§ Problem to solve:
From the line that holds "Lifestyle image with" down to the last line of the listing below, transcribe exactly and only those lines. Leave pictures out.

§ Supplied records:
============
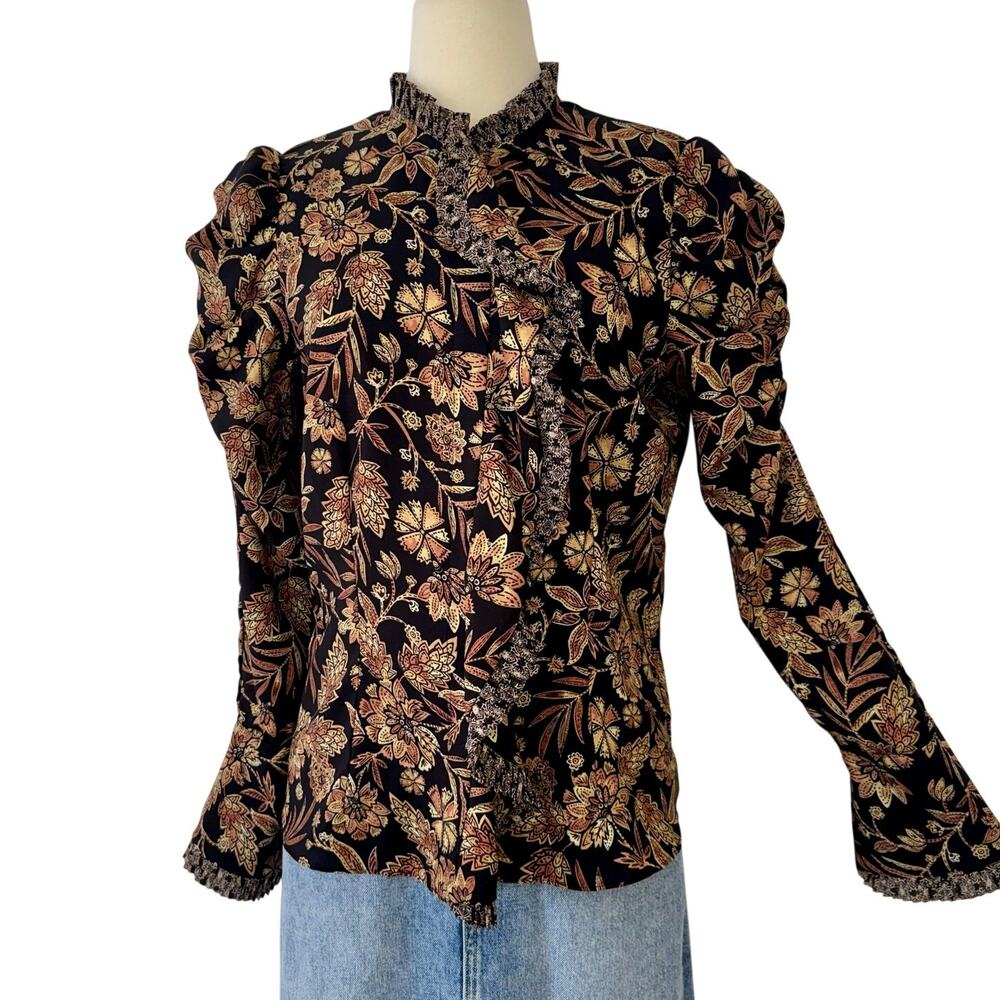 MISA Garance Blouse Gilded Paisley Print Ruffle Top in Black Brown M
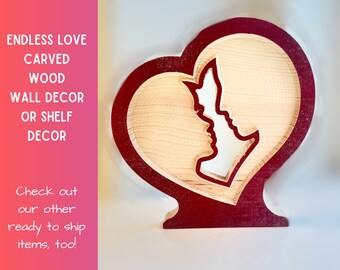Valentine's Day | Anniversary Endless Love | Couple in Love | Carved Wood Shelf + Wall Decor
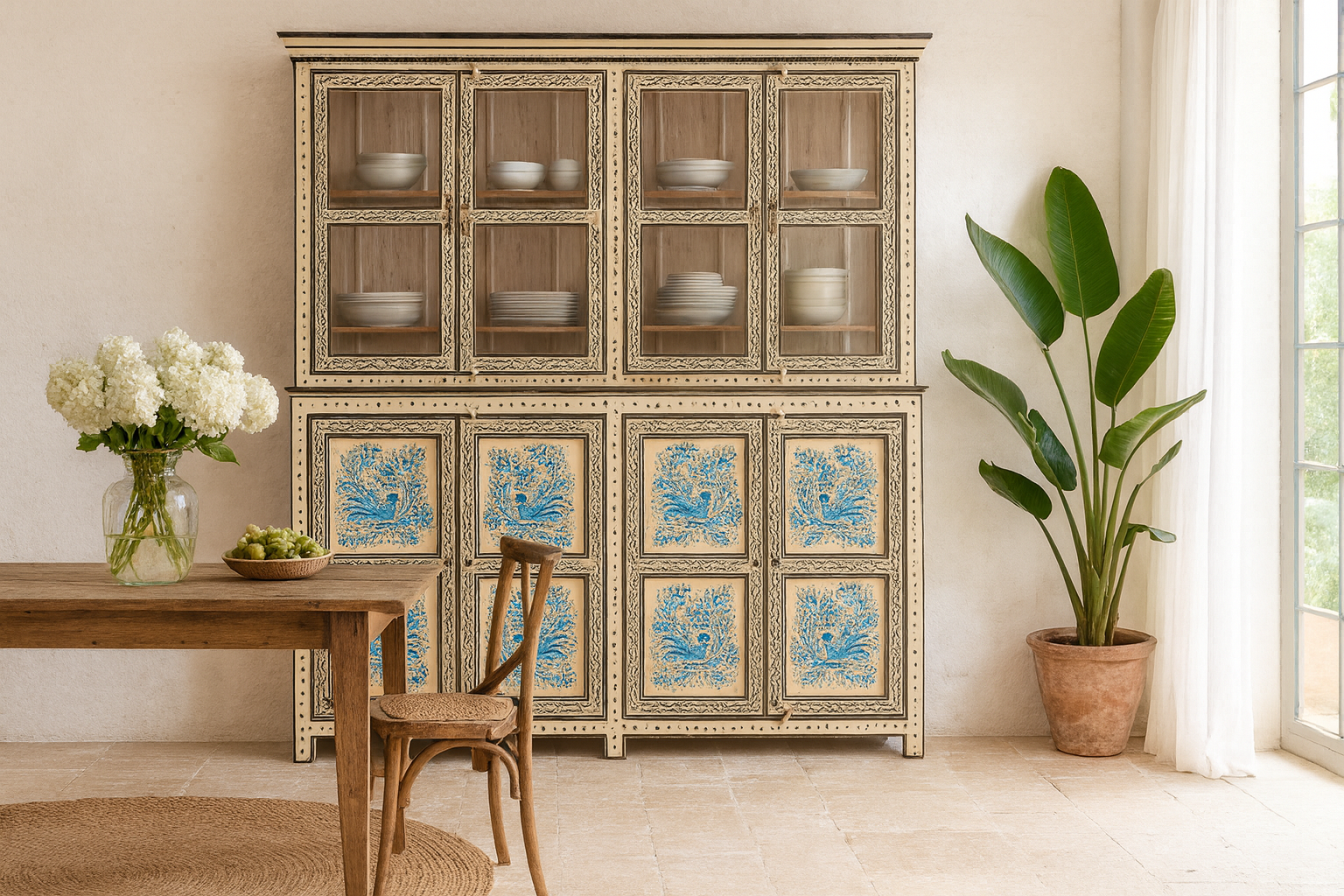 Lifestyle image with a and-painted reclaimed wood display cabinet with glass doors and floral blue peacock design – Aadrika model by Om Home & Garden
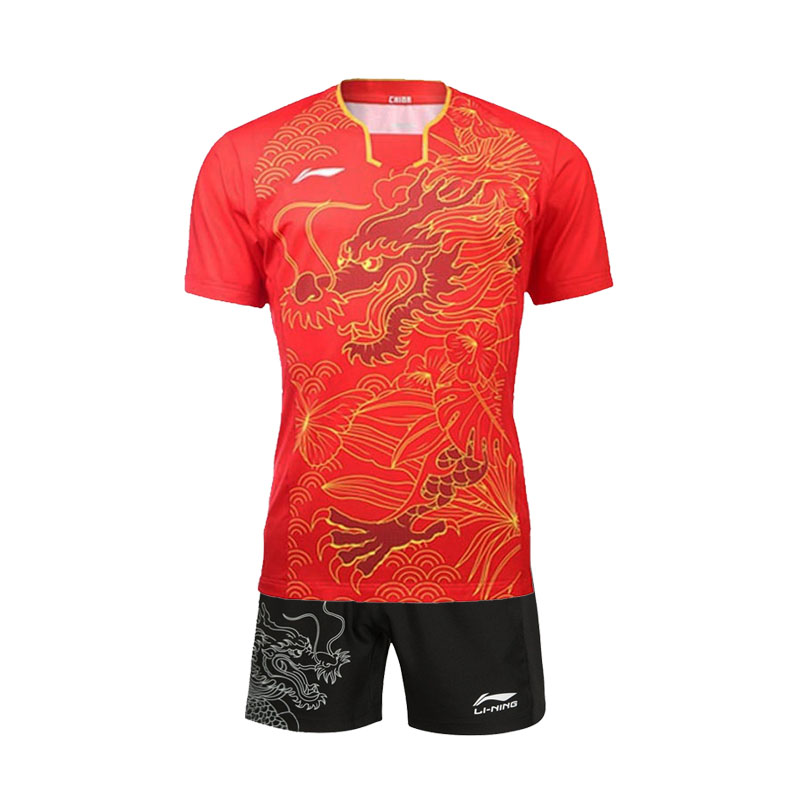 李宁乒乓球服套装男世乒赛国家队队服龙服短袖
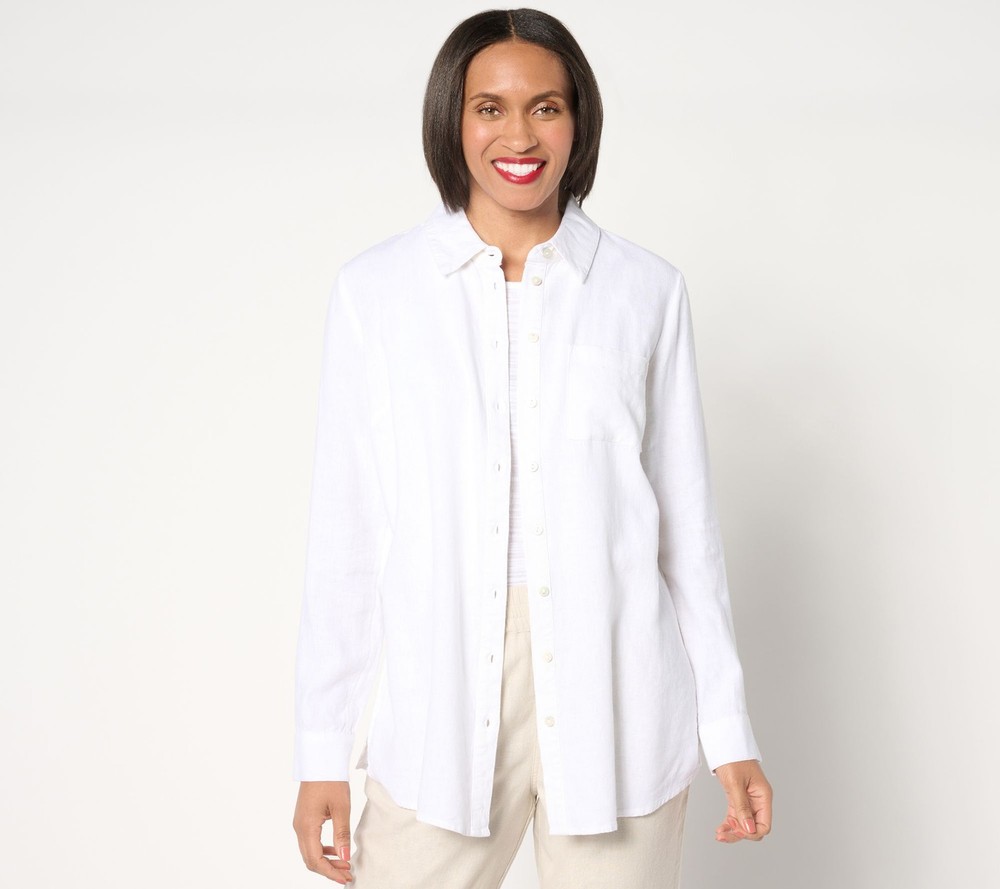 Denim & Co. Women's Top Sz M Naturals Linen Blend Regular White A643833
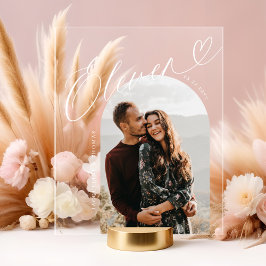 Señal Acrílica Boda de fotos del corazón del guión Número 11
============
§ Exercise output:
 Lifestyle image with a and-painted reclaimed wood display cabinet with glass doors and floral blue peacock design – Aadrika model by Om Home & Garden
 李宁乒乓球服套装男世乒赛国家队队服龙服短袖
 Denim & Co. Women's Top Sz M Naturals Linen Blend Regular White A643833
 Señal Acrílica Boda de fotos del corazón del guión Número 11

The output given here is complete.